Moins de six mois après son rapport alertant sur les insuffisances du pilotage de la gestion des déchets ménagers et sur les mauvaises performances du recyclage, la Cour des comptes réitère ses critiques. Dans un chapitre de son rapport annuel publié ce 10 mars, la Cour rappelle que la France ne figure pas parmi les pays européens les plus avancés pour la maîtrise du volume des déchets ménagers et assimilés (DMA), qui correspondent pour l’essentiel aux déchets municipaux produits quotidiennement par les foyers, principalement collectés en porte à porte (582 kg par habitant et par an), ni pour leur recyclage. La moitié encore non triée de ces déchets – soit 249 kilos d’ordures ménagères résiduelles (OMR) par habitant et par an –, pourrait ainsi faire l’objet d’une valorisation adaptée si les objectifs fixés par le cadre législatif et réglementaire instaurant une économie circulaire étaient respectés, soulignent les magistrats financiers.

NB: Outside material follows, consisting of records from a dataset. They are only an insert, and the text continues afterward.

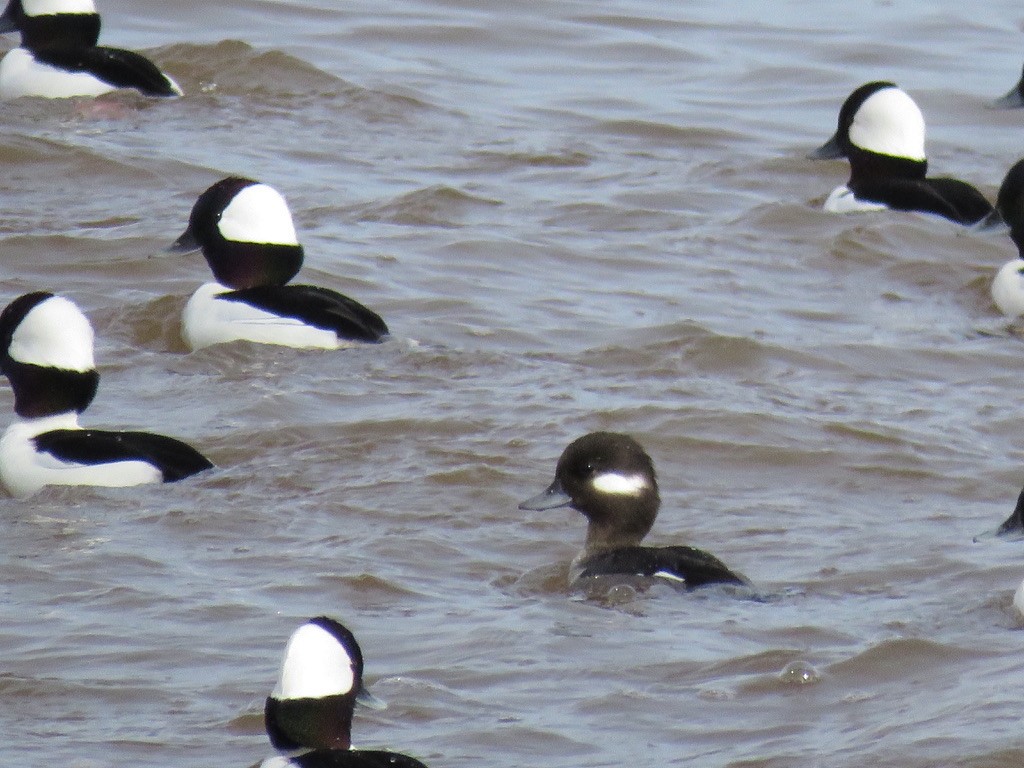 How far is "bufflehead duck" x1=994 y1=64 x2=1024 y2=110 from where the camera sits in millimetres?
13703

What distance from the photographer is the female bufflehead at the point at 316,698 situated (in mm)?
4652

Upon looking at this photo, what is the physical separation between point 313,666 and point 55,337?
3414mm

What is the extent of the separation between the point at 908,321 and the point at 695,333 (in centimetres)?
113

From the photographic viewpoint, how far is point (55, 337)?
780cm

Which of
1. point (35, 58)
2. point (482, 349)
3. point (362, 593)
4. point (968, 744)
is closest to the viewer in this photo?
point (968, 744)

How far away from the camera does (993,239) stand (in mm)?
11797

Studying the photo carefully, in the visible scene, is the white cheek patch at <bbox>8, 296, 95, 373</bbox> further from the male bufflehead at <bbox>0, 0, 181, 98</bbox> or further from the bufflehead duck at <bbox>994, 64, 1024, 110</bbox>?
the bufflehead duck at <bbox>994, 64, 1024, 110</bbox>

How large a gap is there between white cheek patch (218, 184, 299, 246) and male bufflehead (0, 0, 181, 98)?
3596 mm

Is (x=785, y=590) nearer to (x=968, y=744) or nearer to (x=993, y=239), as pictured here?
(x=968, y=744)

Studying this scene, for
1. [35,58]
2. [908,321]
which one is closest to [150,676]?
[908,321]

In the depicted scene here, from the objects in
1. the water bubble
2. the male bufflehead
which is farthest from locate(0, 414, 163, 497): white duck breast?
the male bufflehead

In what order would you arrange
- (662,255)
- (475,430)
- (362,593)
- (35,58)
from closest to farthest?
1. (362,593)
2. (475,430)
3. (662,255)
4. (35,58)

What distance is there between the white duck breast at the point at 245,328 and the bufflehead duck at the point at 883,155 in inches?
146

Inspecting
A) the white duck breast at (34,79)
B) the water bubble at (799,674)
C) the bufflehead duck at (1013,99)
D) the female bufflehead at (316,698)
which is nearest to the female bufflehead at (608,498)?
the water bubble at (799,674) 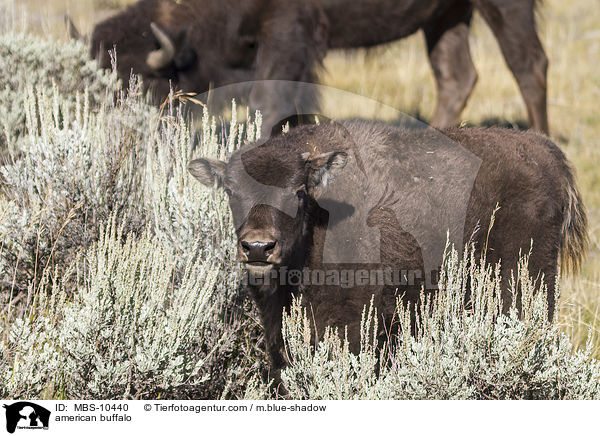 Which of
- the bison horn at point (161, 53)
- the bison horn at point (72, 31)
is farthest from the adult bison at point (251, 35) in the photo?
the bison horn at point (72, 31)

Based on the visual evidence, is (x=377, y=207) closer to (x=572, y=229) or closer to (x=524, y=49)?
(x=572, y=229)

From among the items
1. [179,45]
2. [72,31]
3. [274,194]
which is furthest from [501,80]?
[274,194]

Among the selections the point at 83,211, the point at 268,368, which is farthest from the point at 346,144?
the point at 83,211

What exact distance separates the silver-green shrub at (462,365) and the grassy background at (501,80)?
271 cm

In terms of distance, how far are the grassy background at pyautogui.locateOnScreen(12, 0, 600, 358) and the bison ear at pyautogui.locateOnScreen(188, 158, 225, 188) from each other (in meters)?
3.49

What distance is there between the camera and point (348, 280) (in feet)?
13.2

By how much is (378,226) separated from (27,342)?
1954 mm

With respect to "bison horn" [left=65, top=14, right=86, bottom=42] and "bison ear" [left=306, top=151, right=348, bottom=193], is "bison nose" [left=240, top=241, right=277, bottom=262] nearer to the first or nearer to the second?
"bison ear" [left=306, top=151, right=348, bottom=193]

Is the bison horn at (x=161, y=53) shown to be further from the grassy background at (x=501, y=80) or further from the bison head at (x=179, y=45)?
the grassy background at (x=501, y=80)

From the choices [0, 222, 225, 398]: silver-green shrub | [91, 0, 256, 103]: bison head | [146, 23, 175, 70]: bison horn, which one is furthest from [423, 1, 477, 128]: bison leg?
[0, 222, 225, 398]: silver-green shrub

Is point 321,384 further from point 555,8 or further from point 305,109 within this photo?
point 555,8

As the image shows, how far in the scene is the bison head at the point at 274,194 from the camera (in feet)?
11.7

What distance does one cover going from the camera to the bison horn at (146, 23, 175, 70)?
292 inches

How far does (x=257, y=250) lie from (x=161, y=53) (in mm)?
4501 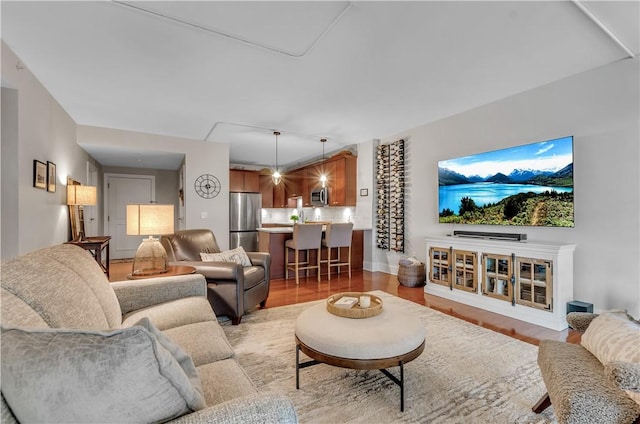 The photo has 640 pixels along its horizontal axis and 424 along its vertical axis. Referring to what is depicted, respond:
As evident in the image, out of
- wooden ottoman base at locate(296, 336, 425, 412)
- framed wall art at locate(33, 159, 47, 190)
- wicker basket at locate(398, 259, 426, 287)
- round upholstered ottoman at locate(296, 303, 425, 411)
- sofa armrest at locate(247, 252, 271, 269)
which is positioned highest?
framed wall art at locate(33, 159, 47, 190)

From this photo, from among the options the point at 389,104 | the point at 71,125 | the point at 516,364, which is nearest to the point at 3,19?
the point at 71,125

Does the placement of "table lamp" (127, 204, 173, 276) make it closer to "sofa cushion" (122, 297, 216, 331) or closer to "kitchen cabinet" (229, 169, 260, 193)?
"sofa cushion" (122, 297, 216, 331)

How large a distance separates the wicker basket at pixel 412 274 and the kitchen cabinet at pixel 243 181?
4.14 meters

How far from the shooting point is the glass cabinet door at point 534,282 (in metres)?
2.88

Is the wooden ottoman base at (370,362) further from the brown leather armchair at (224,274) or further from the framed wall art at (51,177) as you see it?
the framed wall art at (51,177)

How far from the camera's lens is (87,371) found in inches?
24.8

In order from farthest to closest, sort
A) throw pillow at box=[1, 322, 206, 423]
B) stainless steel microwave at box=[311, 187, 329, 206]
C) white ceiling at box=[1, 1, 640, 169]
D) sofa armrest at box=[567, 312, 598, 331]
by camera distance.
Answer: stainless steel microwave at box=[311, 187, 329, 206] < white ceiling at box=[1, 1, 640, 169] < sofa armrest at box=[567, 312, 598, 331] < throw pillow at box=[1, 322, 206, 423]

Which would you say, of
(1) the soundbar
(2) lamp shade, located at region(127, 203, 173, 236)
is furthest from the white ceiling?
(1) the soundbar

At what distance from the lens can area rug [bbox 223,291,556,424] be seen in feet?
5.32

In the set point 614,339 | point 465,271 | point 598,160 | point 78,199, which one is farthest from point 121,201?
point 598,160

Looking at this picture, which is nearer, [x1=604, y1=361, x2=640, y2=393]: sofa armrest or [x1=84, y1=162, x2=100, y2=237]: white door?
[x1=604, y1=361, x2=640, y2=393]: sofa armrest

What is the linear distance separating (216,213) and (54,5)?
396cm

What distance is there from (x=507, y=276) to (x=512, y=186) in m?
1.06

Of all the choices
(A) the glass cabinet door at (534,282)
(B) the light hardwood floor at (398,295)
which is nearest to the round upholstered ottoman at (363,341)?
(B) the light hardwood floor at (398,295)
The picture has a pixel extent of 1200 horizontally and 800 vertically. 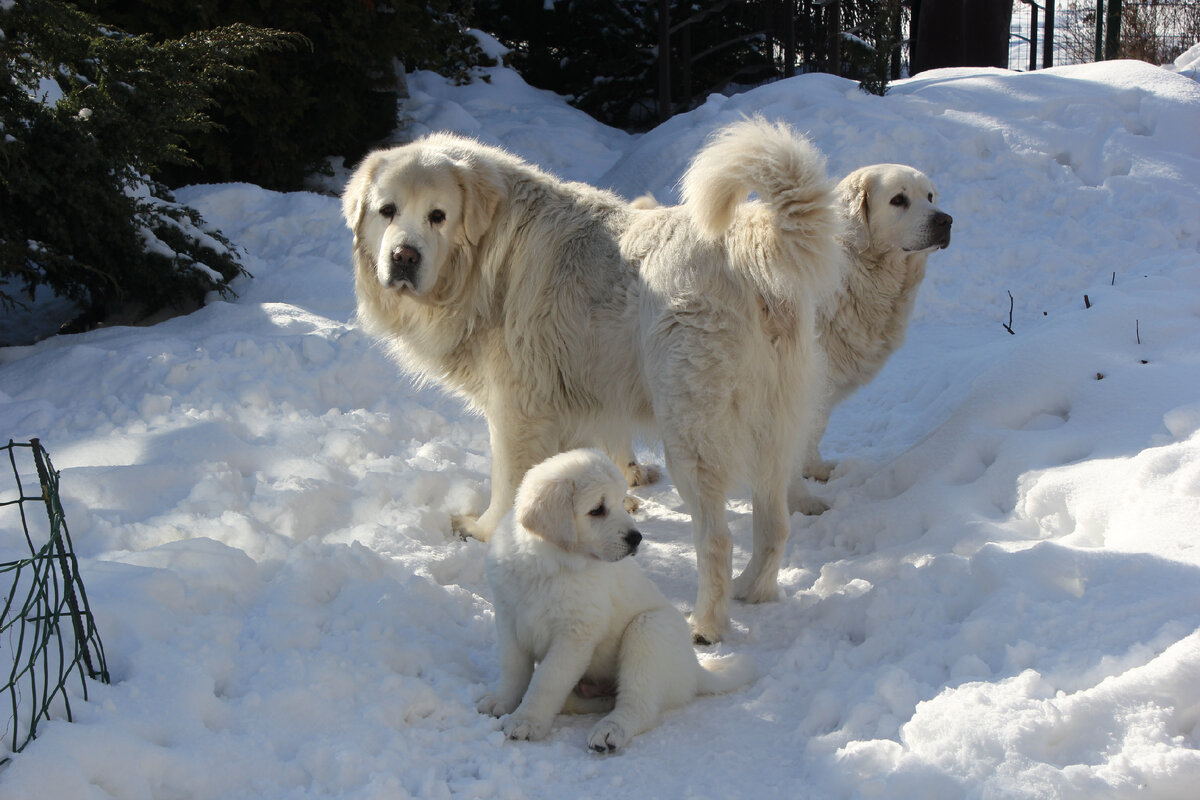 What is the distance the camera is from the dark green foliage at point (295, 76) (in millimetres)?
8805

"Mise en oeuvre insuffisante" de la politique de prévention et de gestion des déchets ménagers

Si la politique de prévention et de gestion des déchets ménagers repose sur "une organisation territoriale cohérente, articulant les interventions des établissements publics de coopération intercommunale (EPCI), des syndicats de traitement et, plus récemment des régions, sa mise en œuvre reste insuffisante", estiment-ils.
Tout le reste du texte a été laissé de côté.